In recent years, computer vision algorithms have become more and more powerful, which enabled technologies such as autonomous driving to evolve with rapid pace. However, current algorithms mainly share one limitation: They rely on directly visible objects. This is a major drawback compared to human behavior, where indirect visual cues caused by the actual object (e.g., shadows) are already used intuitively to retrieve information or anticipate occurring objects. While driving at night, this performance deficit becomes even more obvious: Humans already process the light artifacts caused by oncoming vehicles to assume their future appearance, whereas current object detection systems rely on the oncoming vehicle's direct visibility.
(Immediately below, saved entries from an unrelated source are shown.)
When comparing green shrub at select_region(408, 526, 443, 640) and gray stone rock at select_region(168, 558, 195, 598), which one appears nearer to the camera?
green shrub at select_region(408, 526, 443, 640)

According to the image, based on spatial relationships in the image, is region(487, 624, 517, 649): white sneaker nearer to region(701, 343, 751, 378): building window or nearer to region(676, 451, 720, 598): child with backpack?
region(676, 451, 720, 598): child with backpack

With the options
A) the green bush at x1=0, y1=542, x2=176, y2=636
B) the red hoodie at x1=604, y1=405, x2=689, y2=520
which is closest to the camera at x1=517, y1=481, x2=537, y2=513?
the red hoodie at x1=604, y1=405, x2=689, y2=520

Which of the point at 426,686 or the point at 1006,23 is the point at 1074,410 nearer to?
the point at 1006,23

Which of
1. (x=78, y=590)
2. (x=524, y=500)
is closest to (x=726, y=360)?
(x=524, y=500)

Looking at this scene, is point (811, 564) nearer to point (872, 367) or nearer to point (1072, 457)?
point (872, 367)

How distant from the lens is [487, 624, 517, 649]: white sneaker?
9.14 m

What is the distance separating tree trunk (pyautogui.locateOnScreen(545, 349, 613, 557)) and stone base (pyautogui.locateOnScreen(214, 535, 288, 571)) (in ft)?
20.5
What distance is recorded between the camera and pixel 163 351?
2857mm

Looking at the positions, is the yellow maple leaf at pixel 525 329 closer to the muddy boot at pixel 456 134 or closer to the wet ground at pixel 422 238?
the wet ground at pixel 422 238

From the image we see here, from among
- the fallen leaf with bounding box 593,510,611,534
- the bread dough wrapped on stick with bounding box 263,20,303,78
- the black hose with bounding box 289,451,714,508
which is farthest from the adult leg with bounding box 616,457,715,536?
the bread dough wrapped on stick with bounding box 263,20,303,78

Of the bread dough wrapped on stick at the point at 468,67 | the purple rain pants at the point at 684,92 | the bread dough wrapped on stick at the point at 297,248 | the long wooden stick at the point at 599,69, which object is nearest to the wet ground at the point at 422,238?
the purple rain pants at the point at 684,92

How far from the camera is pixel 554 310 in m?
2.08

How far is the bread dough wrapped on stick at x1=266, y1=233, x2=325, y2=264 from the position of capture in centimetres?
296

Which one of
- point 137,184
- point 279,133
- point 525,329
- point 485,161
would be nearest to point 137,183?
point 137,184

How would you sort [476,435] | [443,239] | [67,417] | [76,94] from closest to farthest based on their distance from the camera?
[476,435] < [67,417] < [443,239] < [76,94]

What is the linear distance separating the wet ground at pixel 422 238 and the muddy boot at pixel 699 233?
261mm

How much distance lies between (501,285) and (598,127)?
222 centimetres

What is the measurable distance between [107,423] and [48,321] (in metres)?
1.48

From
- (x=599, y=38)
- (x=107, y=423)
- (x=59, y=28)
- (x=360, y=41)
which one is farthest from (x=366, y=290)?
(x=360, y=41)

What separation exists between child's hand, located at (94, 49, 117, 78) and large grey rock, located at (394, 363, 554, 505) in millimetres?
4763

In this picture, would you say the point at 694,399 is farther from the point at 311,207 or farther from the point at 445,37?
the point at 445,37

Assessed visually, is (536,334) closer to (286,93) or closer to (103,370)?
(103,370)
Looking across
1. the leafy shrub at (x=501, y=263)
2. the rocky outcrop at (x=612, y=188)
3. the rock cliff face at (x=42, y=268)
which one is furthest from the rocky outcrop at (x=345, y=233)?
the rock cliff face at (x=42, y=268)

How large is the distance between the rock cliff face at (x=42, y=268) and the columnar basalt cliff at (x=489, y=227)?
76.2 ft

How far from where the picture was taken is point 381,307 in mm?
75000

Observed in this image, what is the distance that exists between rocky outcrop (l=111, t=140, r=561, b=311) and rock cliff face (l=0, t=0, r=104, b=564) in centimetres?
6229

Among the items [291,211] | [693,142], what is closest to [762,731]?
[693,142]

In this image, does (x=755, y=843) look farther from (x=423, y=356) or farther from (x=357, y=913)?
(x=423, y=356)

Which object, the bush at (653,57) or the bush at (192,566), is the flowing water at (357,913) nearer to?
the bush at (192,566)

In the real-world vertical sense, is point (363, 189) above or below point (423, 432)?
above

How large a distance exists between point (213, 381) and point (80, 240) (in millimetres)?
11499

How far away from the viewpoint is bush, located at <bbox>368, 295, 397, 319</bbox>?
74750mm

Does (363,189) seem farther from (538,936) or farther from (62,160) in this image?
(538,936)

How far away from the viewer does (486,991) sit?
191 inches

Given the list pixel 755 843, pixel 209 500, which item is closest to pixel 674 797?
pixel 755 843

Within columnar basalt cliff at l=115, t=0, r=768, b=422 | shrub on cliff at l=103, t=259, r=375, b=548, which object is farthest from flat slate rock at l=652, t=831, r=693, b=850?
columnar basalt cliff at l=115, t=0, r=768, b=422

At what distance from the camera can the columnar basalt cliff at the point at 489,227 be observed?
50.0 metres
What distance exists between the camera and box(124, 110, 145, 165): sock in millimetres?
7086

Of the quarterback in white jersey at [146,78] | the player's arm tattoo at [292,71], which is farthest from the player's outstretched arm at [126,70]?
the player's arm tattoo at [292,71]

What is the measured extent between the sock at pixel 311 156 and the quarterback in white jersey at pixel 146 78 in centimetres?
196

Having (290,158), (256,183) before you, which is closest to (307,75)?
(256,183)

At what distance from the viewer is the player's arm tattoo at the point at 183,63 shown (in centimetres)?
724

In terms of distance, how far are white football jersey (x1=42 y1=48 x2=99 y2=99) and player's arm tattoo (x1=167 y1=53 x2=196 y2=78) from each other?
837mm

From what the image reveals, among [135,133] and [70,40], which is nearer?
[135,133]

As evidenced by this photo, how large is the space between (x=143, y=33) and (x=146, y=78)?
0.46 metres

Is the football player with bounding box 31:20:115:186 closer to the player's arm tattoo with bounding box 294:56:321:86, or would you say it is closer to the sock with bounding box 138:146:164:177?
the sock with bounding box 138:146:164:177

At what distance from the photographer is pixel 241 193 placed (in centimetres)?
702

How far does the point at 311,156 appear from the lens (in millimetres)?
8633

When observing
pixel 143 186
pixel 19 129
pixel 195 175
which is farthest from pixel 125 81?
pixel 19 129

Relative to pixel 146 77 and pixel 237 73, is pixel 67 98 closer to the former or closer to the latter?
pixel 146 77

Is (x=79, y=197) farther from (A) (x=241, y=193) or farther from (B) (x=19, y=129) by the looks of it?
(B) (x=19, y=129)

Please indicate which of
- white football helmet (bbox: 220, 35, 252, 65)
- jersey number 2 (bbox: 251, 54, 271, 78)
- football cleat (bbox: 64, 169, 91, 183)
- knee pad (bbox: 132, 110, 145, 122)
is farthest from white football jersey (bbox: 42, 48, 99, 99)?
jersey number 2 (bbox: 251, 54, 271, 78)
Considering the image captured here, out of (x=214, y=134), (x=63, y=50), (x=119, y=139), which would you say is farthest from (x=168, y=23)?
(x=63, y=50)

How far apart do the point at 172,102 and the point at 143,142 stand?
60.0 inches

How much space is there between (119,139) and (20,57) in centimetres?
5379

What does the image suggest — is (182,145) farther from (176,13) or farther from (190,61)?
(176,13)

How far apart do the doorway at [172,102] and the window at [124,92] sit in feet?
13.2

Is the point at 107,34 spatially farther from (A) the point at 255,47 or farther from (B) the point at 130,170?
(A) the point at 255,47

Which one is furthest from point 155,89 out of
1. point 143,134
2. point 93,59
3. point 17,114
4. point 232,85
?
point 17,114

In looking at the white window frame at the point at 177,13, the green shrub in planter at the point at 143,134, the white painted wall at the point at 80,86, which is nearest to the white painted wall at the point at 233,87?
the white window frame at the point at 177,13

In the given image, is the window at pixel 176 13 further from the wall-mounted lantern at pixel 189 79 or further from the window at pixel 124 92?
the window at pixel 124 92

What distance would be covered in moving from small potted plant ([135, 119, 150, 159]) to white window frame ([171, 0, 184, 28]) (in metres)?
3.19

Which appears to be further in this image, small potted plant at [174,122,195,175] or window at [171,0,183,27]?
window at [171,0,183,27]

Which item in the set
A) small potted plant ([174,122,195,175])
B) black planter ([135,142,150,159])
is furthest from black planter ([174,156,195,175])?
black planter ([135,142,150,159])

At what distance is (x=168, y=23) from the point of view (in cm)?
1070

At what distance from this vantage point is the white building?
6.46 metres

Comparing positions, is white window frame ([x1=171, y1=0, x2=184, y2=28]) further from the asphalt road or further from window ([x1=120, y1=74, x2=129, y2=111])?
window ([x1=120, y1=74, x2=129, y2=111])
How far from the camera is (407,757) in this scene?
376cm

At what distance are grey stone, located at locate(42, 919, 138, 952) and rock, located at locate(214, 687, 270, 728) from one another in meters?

Based on previous work in this subject, we present with this paper a complete system capable of solving the task to providently detect oncoming vehicles at nighttime based on their caused light artifacts. For that, we outline the full algorithm architecture ranging from the detection of light artifacts in the image space, localizing the objects in the three-dimensional space, and verifying the objects over time. To demonstrate the applicability, we deploy the system in a test vehicle and use the information of providently detected vehicles to control the glare-free high beam system proactively. Using this experimental setting, we quantify the time benefit that the provident vehicle detection system provides compared to an in-production computer vision system. Additionally, the glare-free high beam use case provides a real-time and real-world visualization interface of the detection results. With this contribution, we want to put awareness on the unconventional sensing task of provident object detection and further close the performance gap between human behavior and computer vision algorithms in order to bring autonomous and automated driving a step forward.